── Material provided ──

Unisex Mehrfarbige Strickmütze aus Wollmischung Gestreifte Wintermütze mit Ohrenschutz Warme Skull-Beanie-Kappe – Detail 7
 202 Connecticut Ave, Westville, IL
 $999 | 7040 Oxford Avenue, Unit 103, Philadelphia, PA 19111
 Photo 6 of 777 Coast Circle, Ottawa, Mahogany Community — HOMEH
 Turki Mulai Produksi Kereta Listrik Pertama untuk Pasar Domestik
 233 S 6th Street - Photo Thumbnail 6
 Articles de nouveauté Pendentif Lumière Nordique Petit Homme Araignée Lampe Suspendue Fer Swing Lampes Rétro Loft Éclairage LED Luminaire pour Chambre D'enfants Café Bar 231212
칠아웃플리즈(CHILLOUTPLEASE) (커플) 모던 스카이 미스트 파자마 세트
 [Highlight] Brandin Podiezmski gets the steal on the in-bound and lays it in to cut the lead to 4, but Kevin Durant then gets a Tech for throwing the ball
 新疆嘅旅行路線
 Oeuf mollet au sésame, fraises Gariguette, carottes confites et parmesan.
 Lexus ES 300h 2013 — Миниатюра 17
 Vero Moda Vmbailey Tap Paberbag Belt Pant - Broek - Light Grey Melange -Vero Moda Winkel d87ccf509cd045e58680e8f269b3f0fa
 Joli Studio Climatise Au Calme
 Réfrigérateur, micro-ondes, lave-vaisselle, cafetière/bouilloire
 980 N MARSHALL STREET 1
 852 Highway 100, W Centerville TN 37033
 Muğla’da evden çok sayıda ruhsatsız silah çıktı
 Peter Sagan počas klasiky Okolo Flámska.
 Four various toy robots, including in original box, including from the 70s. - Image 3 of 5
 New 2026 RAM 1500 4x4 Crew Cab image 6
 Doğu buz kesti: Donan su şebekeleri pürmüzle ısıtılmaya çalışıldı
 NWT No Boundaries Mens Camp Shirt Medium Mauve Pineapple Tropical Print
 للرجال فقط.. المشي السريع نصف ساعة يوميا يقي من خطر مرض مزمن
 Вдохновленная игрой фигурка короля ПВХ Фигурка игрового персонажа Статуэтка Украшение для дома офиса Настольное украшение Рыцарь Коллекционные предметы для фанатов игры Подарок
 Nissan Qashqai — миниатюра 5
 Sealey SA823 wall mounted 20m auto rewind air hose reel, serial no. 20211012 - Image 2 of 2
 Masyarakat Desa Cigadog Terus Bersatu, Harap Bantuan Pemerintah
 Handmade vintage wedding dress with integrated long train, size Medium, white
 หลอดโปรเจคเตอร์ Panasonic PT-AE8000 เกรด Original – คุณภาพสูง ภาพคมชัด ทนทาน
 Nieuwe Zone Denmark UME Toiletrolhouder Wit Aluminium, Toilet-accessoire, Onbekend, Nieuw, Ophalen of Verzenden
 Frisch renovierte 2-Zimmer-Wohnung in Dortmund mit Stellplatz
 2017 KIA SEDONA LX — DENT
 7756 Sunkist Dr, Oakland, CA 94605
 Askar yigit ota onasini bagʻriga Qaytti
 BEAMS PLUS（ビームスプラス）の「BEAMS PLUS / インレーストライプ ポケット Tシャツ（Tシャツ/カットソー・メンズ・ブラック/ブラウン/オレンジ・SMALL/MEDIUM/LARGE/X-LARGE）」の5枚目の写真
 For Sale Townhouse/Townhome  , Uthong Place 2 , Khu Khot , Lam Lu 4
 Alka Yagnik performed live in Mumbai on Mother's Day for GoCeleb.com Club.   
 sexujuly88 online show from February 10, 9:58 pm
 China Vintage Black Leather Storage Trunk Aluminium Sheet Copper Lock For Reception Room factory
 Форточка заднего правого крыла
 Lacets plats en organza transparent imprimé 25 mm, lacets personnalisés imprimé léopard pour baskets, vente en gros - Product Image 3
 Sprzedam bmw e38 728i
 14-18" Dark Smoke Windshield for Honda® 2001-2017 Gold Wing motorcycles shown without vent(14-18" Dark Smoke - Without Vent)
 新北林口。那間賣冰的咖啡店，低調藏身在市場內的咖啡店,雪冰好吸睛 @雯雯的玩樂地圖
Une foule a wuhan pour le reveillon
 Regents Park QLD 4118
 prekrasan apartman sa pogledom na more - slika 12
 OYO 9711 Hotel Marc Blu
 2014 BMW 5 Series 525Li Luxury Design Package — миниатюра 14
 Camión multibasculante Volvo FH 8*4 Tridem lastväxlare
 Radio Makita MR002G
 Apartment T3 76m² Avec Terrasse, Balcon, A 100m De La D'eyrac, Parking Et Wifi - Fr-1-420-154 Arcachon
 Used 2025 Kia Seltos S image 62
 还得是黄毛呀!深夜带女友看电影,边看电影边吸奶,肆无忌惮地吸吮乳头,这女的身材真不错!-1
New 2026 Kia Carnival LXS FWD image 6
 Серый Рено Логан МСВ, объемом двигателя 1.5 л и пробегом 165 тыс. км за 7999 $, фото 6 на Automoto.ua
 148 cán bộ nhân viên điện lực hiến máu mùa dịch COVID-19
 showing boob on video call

───

Restate word for word the lines in the material above from the one with "Joli Studio Climatise Au Calme" to the one with "2017 KIA SEDONA LX — DENT"; both of those lines count, and nothing else does.

 Joli Studio Climatise Au Calme
 Réfrigérateur, micro-ondes, lave-vaisselle, cafetière/bouilloire
 980 N MARSHALL STREET 1
 852 Highway 100, W Centerville TN 37033
 Muğla’da evden çok sayıda ruhsatsız silah çıktı
 Peter Sagan počas klasiky Okolo Flámska.
 Four various toy robots, including in original box, including from the 70s. - Image 3 of 5
 New 2026 RAM 1500 4x4 Crew Cab image 6
 Doğu buz kesti: Donan su şebekeleri pürmüzle ısıtılmaya çalışıldı
 NWT No Boundaries Mens Camp Shirt Medium Mauve Pineapple Tropical Print
 للرجال فقط.. المشي السريع نصف ساعة يوميا يقي من خطر مرض مزمن
 Вдохновленная игрой фигурка короля ПВХ Фигурка игрового персонажа Статуэтка Украшение для дома офиса Настольное украшение Рыцарь Коллекционные предметы для фанатов игры Подарок
 Nissan Qashqai — миниатюра 5
 Sealey SA823 wall mounted 20m auto rewind air hose reel, serial no. 20211012 - Image 2 of 2
 Masyarakat Desa Cigadog Terus Bersatu, Harap Bantuan Pemerintah
 Handmade vintage wedding dress with integrated long train, size Medium, white
 หลอดโปรเจคเตอร์ Panasonic PT-AE8000 เกรด Original – คุณภาพสูง ภาพคมชัด ทนทาน
 Nieuwe Zone Denmark UME Toiletrolhouder Wit Aluminium, Toilet-accessoire, Onbekend, Nieuw, Ophalen of Verzenden
 Frisch renovierte 2-Zimmer-Wohnung in Dortmund mit Stellplatz
 2017 KIA SEDONA LX — DENT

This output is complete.